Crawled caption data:
----

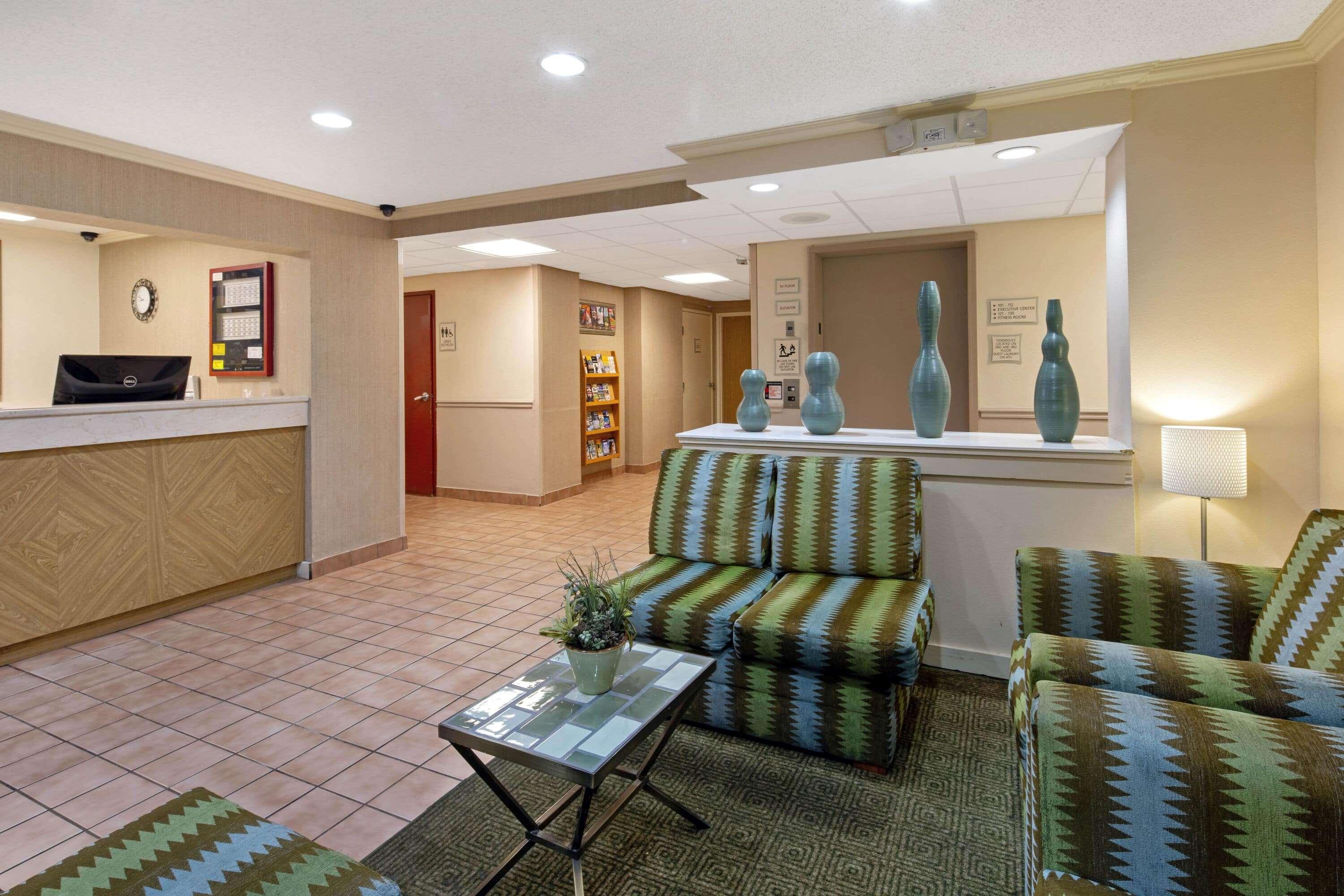 La Quinta Inn & Suites By Wyndham Sawgrass Sunrise Bagian luar foto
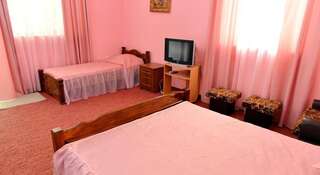 Гостиница Mini Hotel Uyut Утес Трехместный номер с видом на горы-3
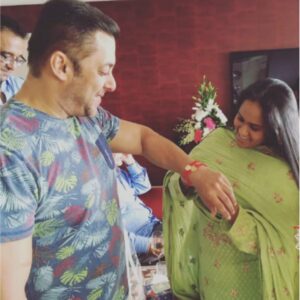 Bollywood celebrities Ne manaya rakshabandhan Salman Khan apni bahan Alvira Agnihotri ke ghar Rakhi banvane pahunche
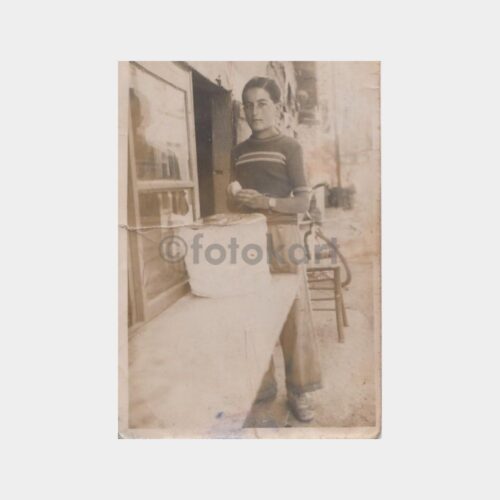 1930 Dondurmacı Çocuk Konulu Fotoğraf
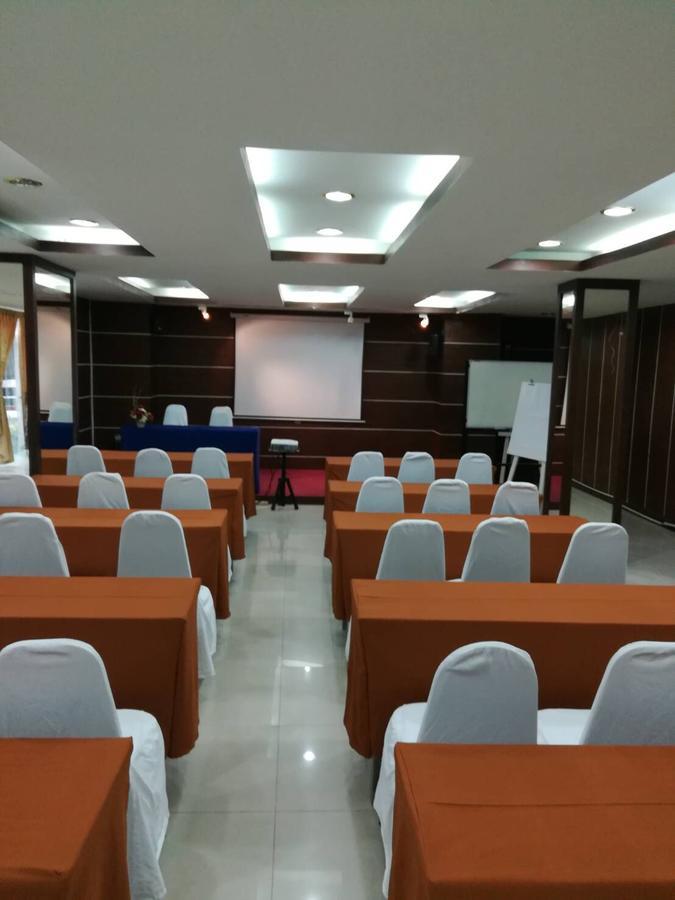 The Residence Prachinburi 304 Luaran gambar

----

Please keep the pictures out and reproduce the records above exactly.

§ RESULT:
 La Quinta Inn & Suites By Wyndham Sawgrass Sunrise Bagian luar foto
 Гостиница Mini Hotel Uyut Утес Трехместный номер с видом на горы-3
 Bollywood celebrities Ne manaya rakshabandhan Salman Khan apni bahan Alvira Agnihotri ke ghar Rakhi banvane pahunche
 1930 Dondurmacı Çocuk Konulu Fotoğraf
 The Residence Prachinburi 304 Luaran gambar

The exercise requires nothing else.